This is my solution to handling the transfer of large .zip files to a Snowflake table using Single Sign-On (SSO) authentication:

Getting Started

First, make sure you are using Python version 3.6+. Then install and import all the necessary libraries. The credentials file is named snowflake_credentials.py, and the template can be found in the project Git folder.

import datetime as dt 
import math 
import os 
import threading 
import time 
import zipfile as zf 
 
import pandas as pd  # pandas==1.0.1 
import snowflake.connector  # snowflake-connector-python==2.2.5 
 
# Credential file: snowflake_credentials.py 
from snowflake_credentials import creds

Next, define a SnowConnector class to connect to your Snowflake instance and access tables within your database. The full code can be seen at the bottom of this walkthrough, or on GitHub.

class SnowConnector():
    def __init__(self, creds):
        # set variables from your creds file
        return
        
    # define variable access functions
    
    def snowflake_cursor(self):
        e_counter = 0
        conn = None
 
        while e_counter < 5:
            try:
                conn = snowflake.connector.connect(
                                                    user=self.user,
                                                    authenticator='externalbrowser',
                                                    account=self.account,
                                                    warehouse=self.warehouse,
                                                    database=self.database,
                                                    schema=self.schema
                                                   )
                break
            except snowflake.connector.errors.DatabaseError as e:
                print(e)
                print('Connection to Snowflake refused, trying again...')
                e_counter += 1
                time.sleep(5)
        if not conn:
            print("""\n*****\n
                     Connection to Snowflake refused after 5 attempts. 
                     Please check connection credentials and 
                     connection to server/internet.
                     \n*****\n""")
            exit(1)
        print("Connected to Snowflake")
        return conn
       
    # define table checking and creation/replacing functions

Note: the authenticator=’externalbrowser’ argument is necessary for SSO authentication and will open a tab in your default browser to confirm that you are logged in. The “user” value in the snowflake_credentials.py file must match the account that you are logged into in your browser.

Splitting Your File

A note before discussing the splitting of files: this can also be done through command line (on Linux/MacOS) or through third-party software. I elected to do it programmatically, as I was constrained by my available access permissions and software. If you find a faster way to chunk files from a .zip format within Python, please let me know!

Creating a class and function to split up the .zip file allows us to run multiple threads at the same time, reducing the file chunking time by 84%* over a non-threaded approach.
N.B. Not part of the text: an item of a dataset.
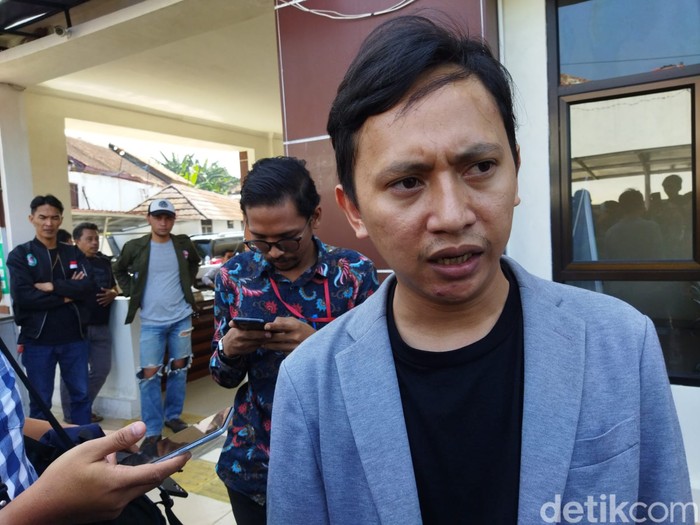Iman Zanatul Khaeri, kakak korban revenge porn di Pandeglang. (Bahtiar Rifai/detikcom)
Python’s internal threading.Thread class is overridden with our own variables:

*based on my own testing and profiling, with a 2.1GB compressed/41GB uncompressed csv file

class ZipToGzThread (threading.Thread):
    def __init__(self, thread_id, skip, rows_to_read, 
                        filename, header, dtypes,
                        staging_folder, zipname=None):
        threading.Thread.__init__(self)
        self.threadID = thread_id
        self.skip = skip
        self.rows_to_read = rows_to_read
        self.filename = filename
        self.header = header.columns
        self.dtypes = dtypes
        self.staging_folder = staging_folder
        self.zipname = zipname
        
    def run(self):
        chunk_file(self.skip, self.rows_to_read, self.filename,
                         self.header, self.dtypes, self.threadID,
                         self.staging_folder, self.zipname)

This program can handle .zip, .csv, and .txt files. If there is no zipname, .csv or .txt formats are assumed, and the file is read and chunked appropriately. The split files are compressed into a gzip format, as Snowflake can natively decompress these files.

def chunk_file(skip, rows_to_read, filename, 
                      header, dtypes, threadID, 
                      staging_filepath, zipname):
    if zipname:
        temp = pd.read_csv(zipname, skiprows=skip, 
                                     nrows=rows_to_read, dtype=dtypes,
                                     names=header, header=None, engine='c')
    else:
        temp = pd.read_csv(filename, skiprows=skip, 
                                     nrows=rows_to_read, dtype=dtypes,
                                     names=header, header=None, engine='c')
    print(f'Read {len(temp)} lines starting at row {skip}')
    
    temp.to_csv(f'{staging_filepath}/{filename}_{threadID}.gz', 
                      index=False, header=True,
                      compression='gzip', chunksize=1000)
    print(f'Sent thread ID {threadID} to local staging folder as GZIP')

With this method, we take advantage of Pandas’ read_csv function, specifically skip_rows and nrows, that allows us to read in distinct row chunks anywhere in the file, while keeping the rows_to_read value constant. This will make more sense further down in the walkthrough.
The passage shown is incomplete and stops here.